### PROBLEM
Retype the data below verbatim; pictures do not belong in the copy.

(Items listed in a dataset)
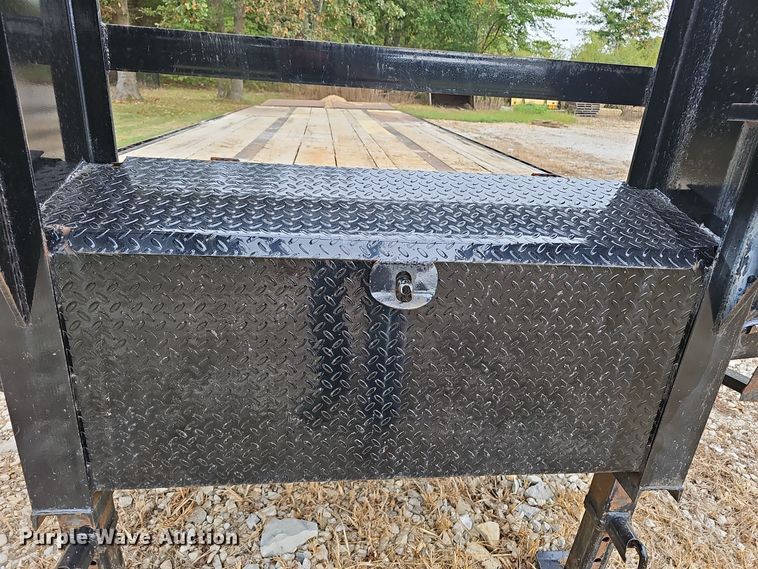 image for item NX9274 2017 Starlite 32TDGNLP equipment trailer 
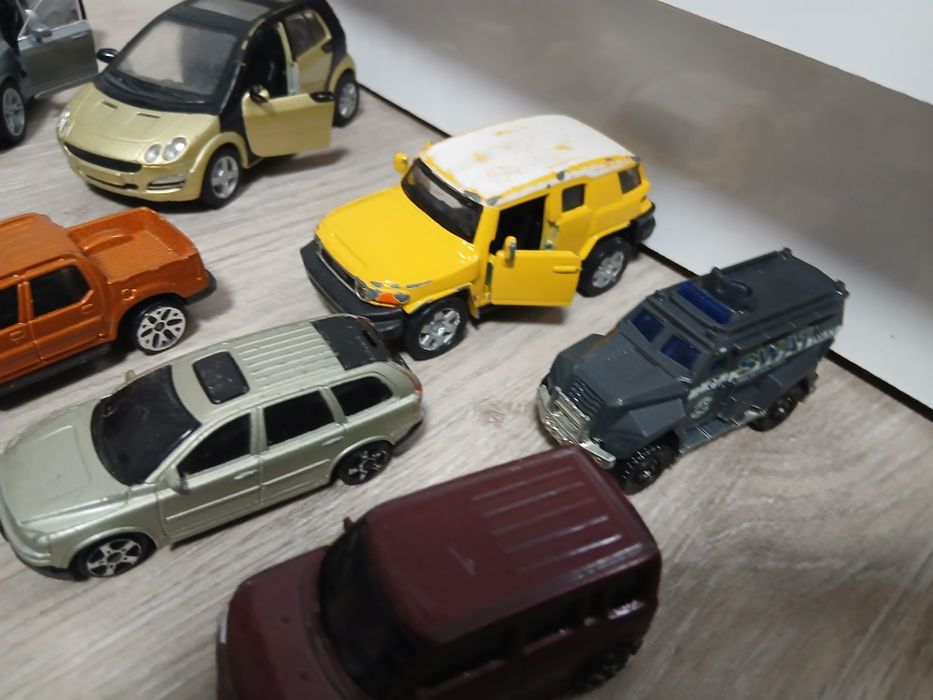 Метални коли ..ии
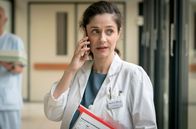 Praxis mit Meerblick – Dr. Maja Pirsich (Anne Werner) ist wegen Noras Patientin sehr besorgt.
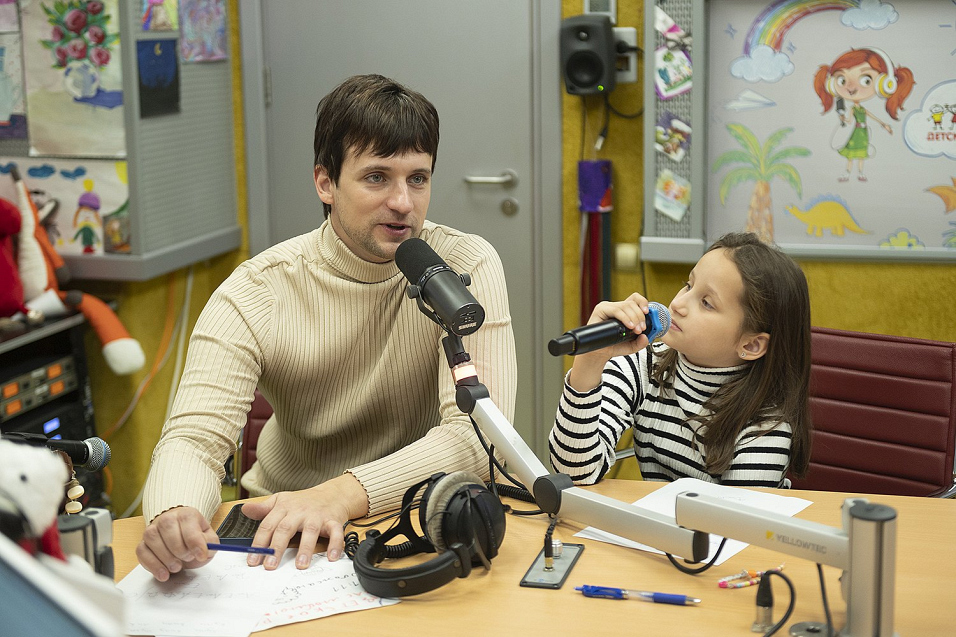 Дмитрий Колдун привел дочку на Детское радио.jpg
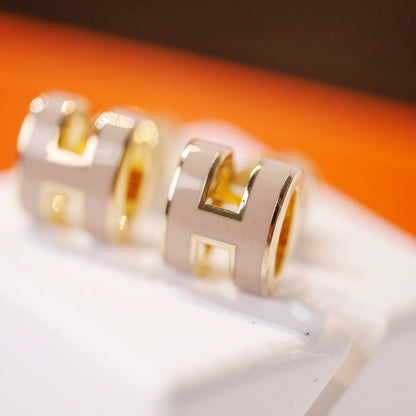 [Royal&Vicky]MINI POP H GOLD EARRINGS GREY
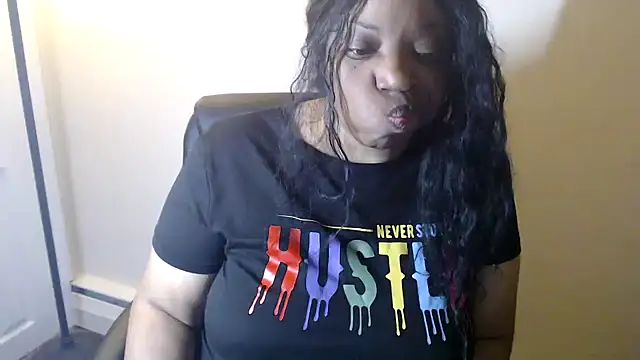 Snapshot of Sexymona1218 chatting on February 2026 10:03:02 AM Sexymona1218 online show from February 2026 10:03:02 AM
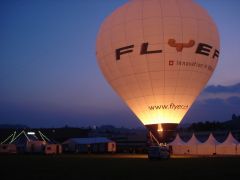 On assemble le ballon dans l’obscurité...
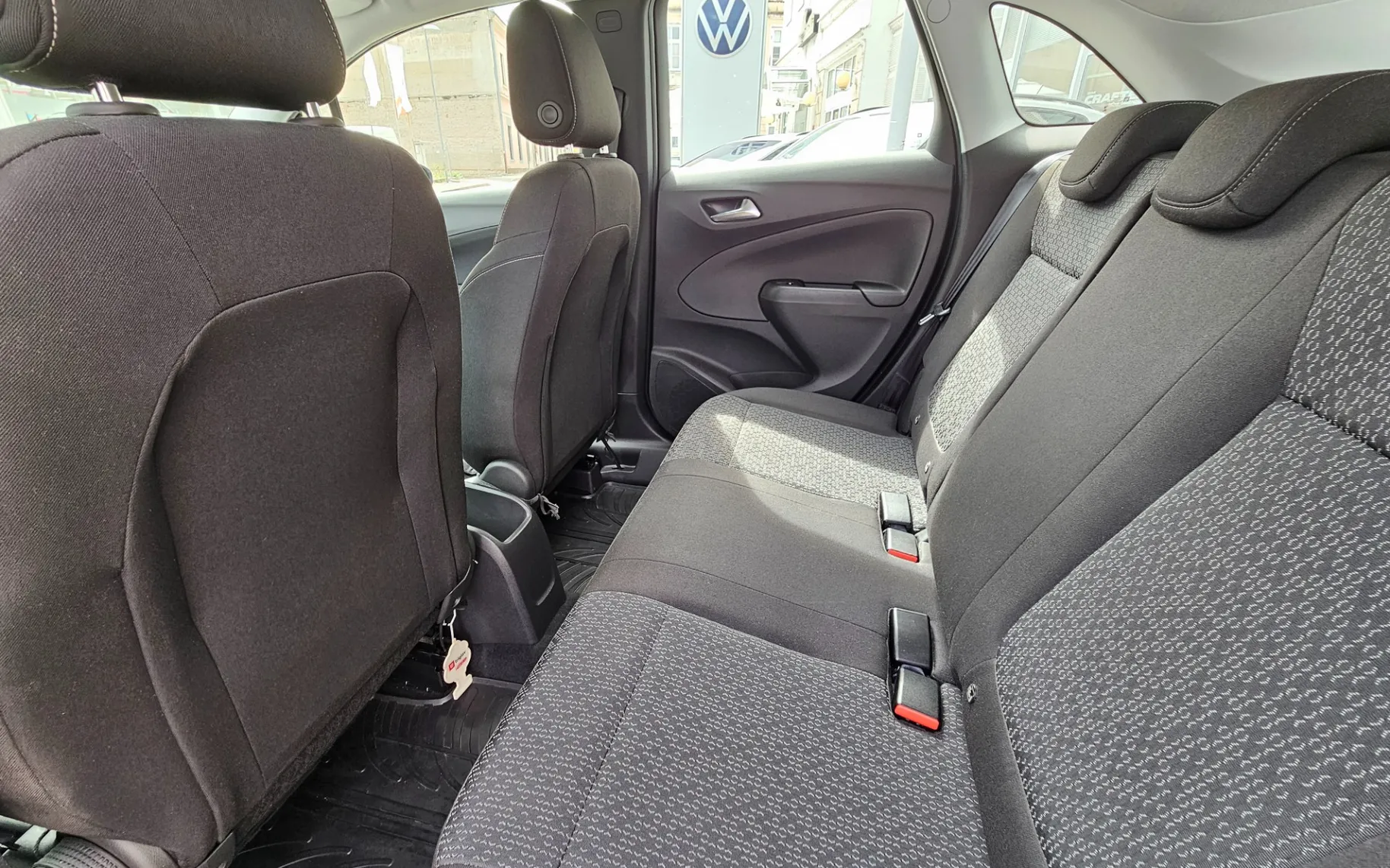 Zunanja slika - Opel Crossland X - 1.2 TURBO 81KW S S ENJOY - 10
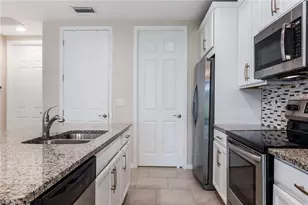 14533 Edgewater Cir, Naples, FL 34114 - Photo 7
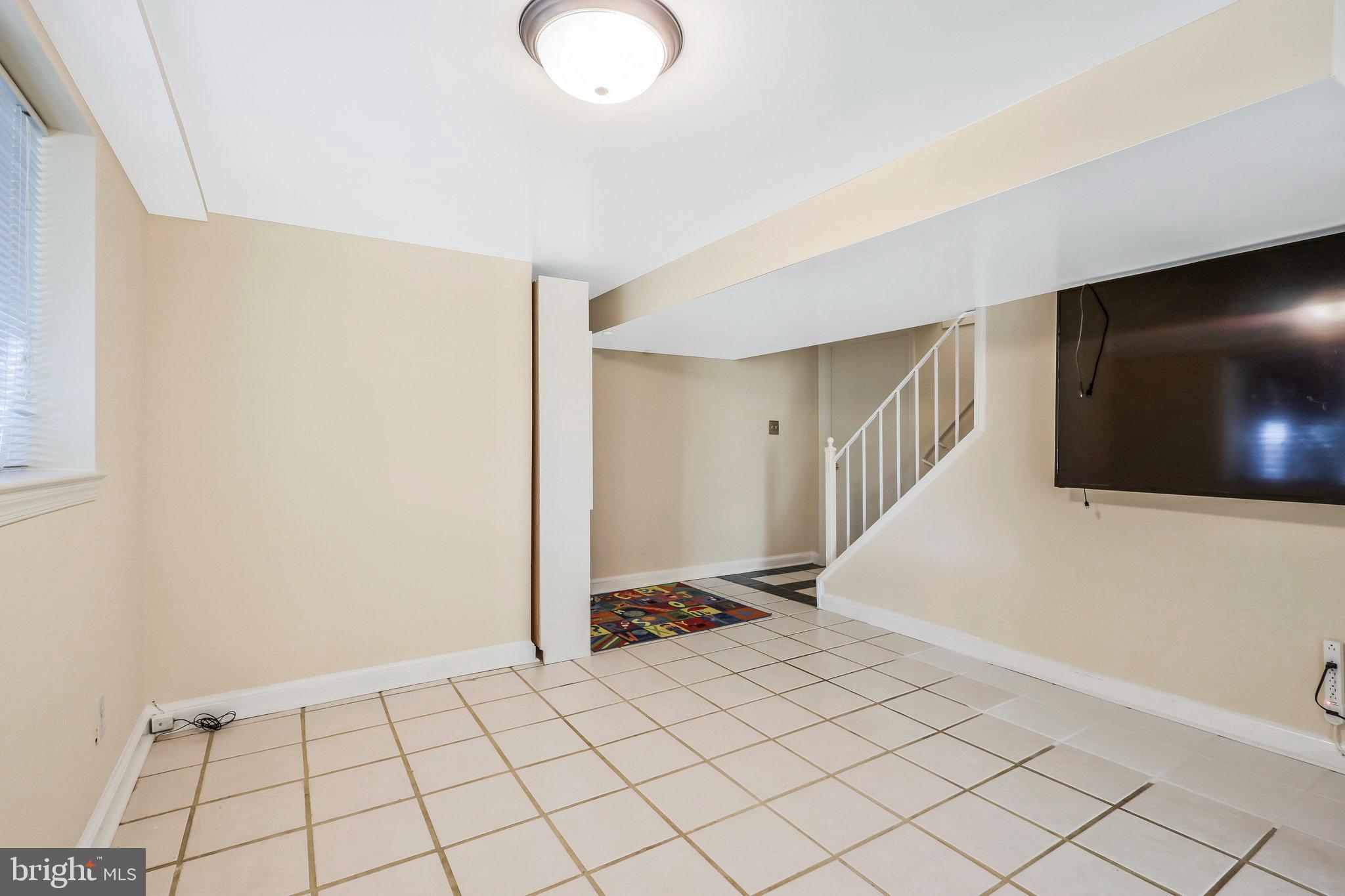 7030 Donna Cir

### ANSWER BOX
 image for item NX9274 2017 Starlite 32TDGNLP equipment trailer 
 Метални коли ..ии
 Praxis mit Meerblick – Dr. Maja Pirsich (Anne Werner) ist wegen Noras Patientin sehr besorgt.
 Дмитрий Колдун привел дочку на Детское радио.jpg
 [Royal&Vicky]MINI POP H GOLD EARRINGS GREY
 Snapshot of Sexymona1218 chatting on February 2026 10:03:02 AM Sexymona1218 online show from February 2026 10:03:02 AM
 On assemble le ballon dans l’obscurité...
 Zunanja slika - Opel Crossland X - 1.2 TURBO 81KW S S ENJOY - 10
 14533 Edgewater Cir, Naples, FL 34114 - Photo 7
 7030 Donna Cir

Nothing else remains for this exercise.